Westminster is an incorporated city in Carroll County, Maryland. Westminster also happens to be the county seat of Carroll County, and it is located right on the edge of the Baltimore-Washington metropolitan area. The city was founded in 1764, but was not incorporate into Carroll County until 1818. Westminster is an equal distance, approximately 37 miles northwest of Baltimore City and southwest of York, Pennsylvania. The entire city encompasses a total area of 5.7 square miles.

The city of Westminster falls into the humid continental climate zone. This causes Westminster to be colder than the southern parts of Maryland, which falls in the humid subtropical climate zone. This also causes Westminster to receive a larger amount of annual snowfall than most elsewhere in Maryland. The city also sees a lot more tornados than the rest of Maryland, with a 40 percent higher tornado rate than the United States average. In April of 1952, an F3 tornado hit 15 miles from Westminster city center with winds between 158 and 206 miles per hour. The tornado injured four people and caused millions of dollars worth of damage to local properties. Another F3 tornado hit in July of 1996, this time only 5 miles form Westminster city center, killing 3 people and causing 5 million dollars worth of property damages.

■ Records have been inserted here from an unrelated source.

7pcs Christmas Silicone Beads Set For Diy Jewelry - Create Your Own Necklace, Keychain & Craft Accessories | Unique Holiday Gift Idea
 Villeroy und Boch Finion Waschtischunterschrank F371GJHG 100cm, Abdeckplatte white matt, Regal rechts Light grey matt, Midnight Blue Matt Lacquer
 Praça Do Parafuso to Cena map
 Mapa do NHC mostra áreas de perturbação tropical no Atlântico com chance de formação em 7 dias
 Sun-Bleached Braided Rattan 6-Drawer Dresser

There are many attractions and events that bring visitors to the city of Westminster. One landmark in this city is the Hashawha Tower. This tower is actually a windmill and it can be found at the Hashwha Environmental Center. Other annual events in the city include the Carroll County Fair, held each year in Westminster, the county seat. One can also find a historic Westminster tradition, known as Common Ground on the Hill. Westminster also hosts the Maryland Wine Festival, and an annual art show referred to as Art in the Park.

The city of Westminster is also known for having appeared in national news several times. ABC News ran a story on Westminster in 2001, referring to it as the heroin capital of the country due to severe drug problems at Westminster High School. This school, known to some as “Heroin High,” had such problems with the drug that it was reported to have more than 3 drug overdoses a week. In 2000 there was more scandal in Westminster when a detective for the County Drug Task Force, Richard Ruby was charged with planting evidence on suspects. When the detective was suspended, a large amount of his drug cases were dismissed because of compromised security of evidence. This also resulted in an increase in the number of people being held in jail to wait for a trial.